:: STORED DATA ::

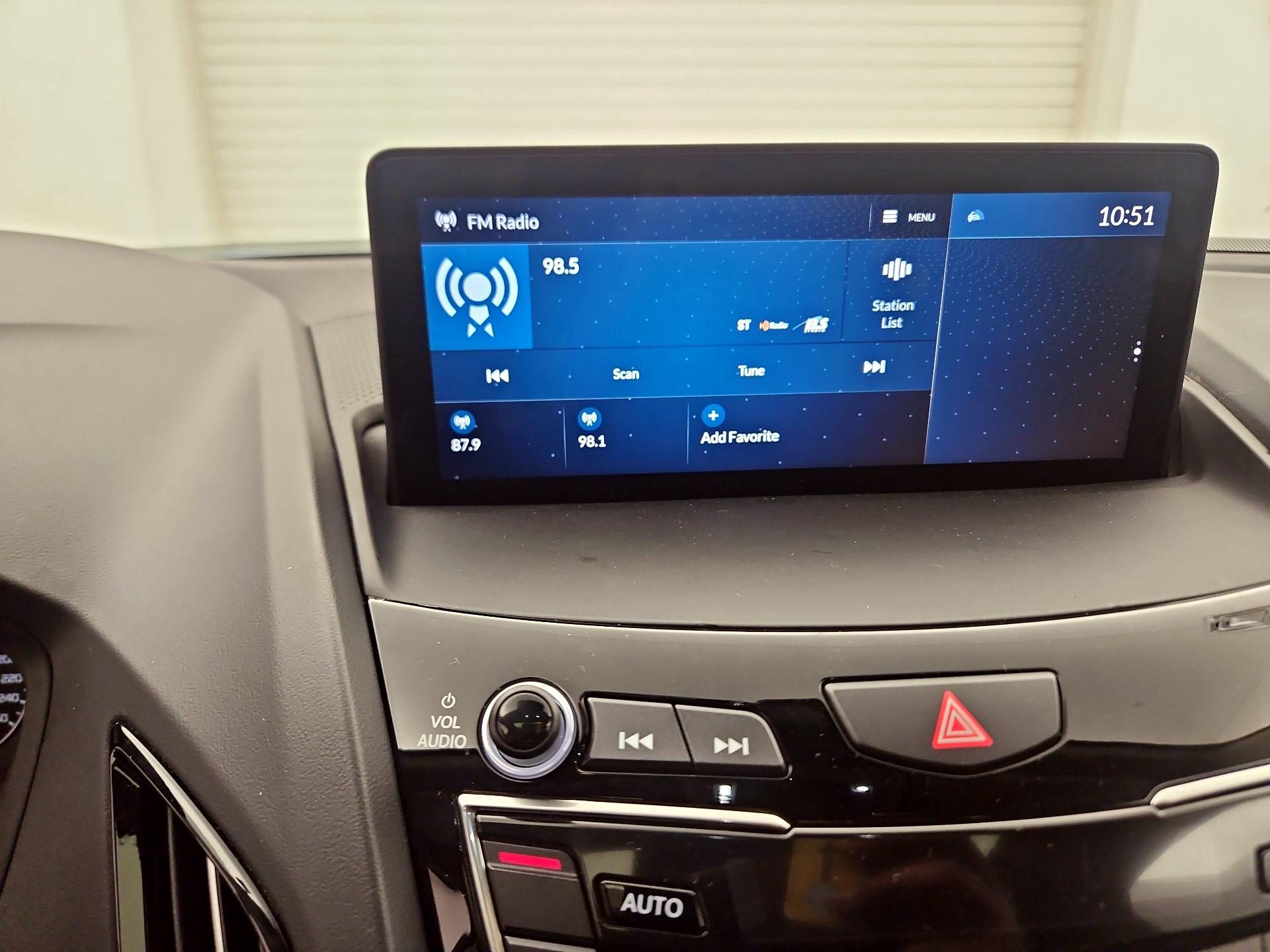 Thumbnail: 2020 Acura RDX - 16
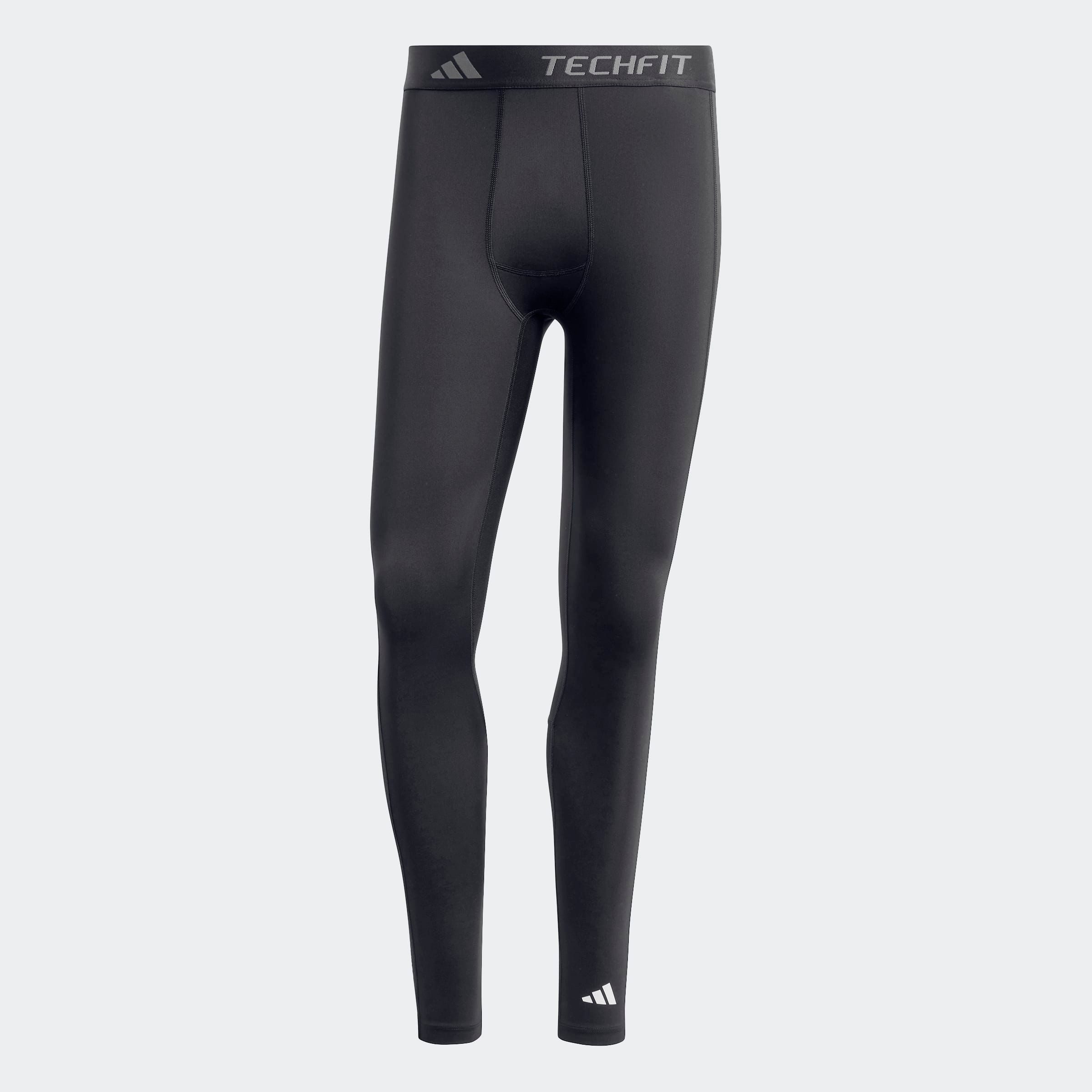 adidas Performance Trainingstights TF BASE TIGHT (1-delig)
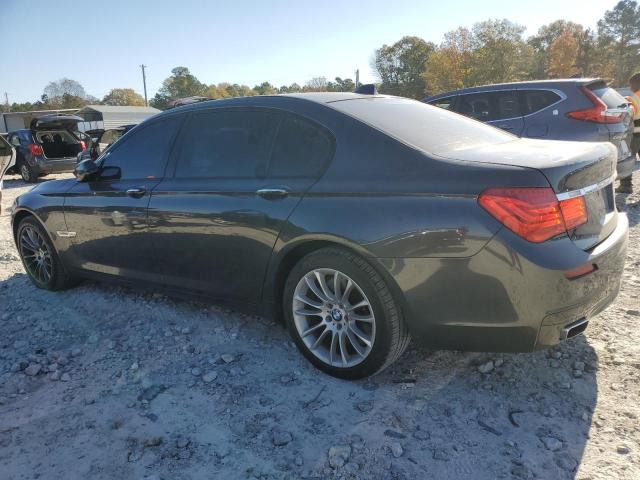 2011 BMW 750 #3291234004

:::

TASK INSTRUCTIONS
A faithful copy of the data above is wanted, with every image left out.

RESULT
 Thumbnail: 2020 Acura RDX - 16
 adidas Performance Trainingstights TF BASE TIGHT (1-delig)
 2011 BMW 750 #3291234004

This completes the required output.